— Given data —
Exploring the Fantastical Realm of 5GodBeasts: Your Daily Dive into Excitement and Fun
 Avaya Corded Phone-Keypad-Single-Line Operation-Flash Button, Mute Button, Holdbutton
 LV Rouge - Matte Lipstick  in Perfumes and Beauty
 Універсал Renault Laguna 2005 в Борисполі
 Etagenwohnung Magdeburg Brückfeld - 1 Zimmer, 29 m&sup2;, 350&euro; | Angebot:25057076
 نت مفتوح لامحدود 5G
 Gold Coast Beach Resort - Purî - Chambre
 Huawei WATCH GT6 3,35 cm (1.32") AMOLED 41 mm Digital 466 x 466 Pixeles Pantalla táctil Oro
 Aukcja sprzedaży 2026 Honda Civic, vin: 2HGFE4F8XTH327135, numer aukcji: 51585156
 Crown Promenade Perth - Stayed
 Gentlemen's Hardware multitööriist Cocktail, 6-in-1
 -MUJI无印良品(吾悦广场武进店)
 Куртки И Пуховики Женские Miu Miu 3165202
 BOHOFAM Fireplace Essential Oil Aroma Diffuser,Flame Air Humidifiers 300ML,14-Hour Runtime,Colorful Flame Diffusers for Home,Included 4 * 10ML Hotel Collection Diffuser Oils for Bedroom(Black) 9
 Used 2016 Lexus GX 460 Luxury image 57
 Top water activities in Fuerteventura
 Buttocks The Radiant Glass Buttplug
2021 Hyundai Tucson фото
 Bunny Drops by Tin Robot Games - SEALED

— Try it —
Return the listing in full, matching each word exactly.

— Result of this exercise —
Exploring the Fantastical Realm of 5GodBeasts: Your Daily Dive into Excitement and Fun
 Avaya Corded Phone-Keypad-Single-Line Operation-Flash Button, Mute Button, Holdbutton
 LV Rouge - Matte Lipstick  in Perfumes and Beauty
 Універсал Renault Laguna 2005 в Борисполі
 Etagenwohnung Magdeburg Brückfeld - 1 Zimmer, 29 m&sup2;, 350&euro; | Angebot:25057076
 نت مفتوح لامحدود 5G
 Gold Coast Beach Resort - Purî - Chambre
 Huawei WATCH GT6 3,35 cm (1.32") AMOLED 41 mm Digital 466 x 466 Pixeles Pantalla táctil Oro
 Aukcja sprzedaży 2026 Honda Civic, vin: 2HGFE4F8XTH327135, numer aukcji: 51585156
 Crown Promenade Perth - Stayed
 Gentlemen's Hardware multitööriist Cocktail, 6-in-1
 -MUJI无印良品(吾悦广场武进店)
 Куртки И Пуховики Женские Miu Miu 3165202
 BOHOFAM Fireplace Essential Oil Aroma Diffuser,Flame Air Humidifiers 300ML,14-Hour Runtime,Colorful Flame Diffusers for Home,Included 4 * 10ML Hotel Collection Diffuser Oils for Bedroom(Black) 9
 Used 2016 Lexus GX 460 Luxury image 57
 Top water activities in Fuerteventura
 Buttocks The Radiant Glass Buttplug
2021 Hyundai Tucson фото
 Bunny Drops by Tin Robot Games - SEALED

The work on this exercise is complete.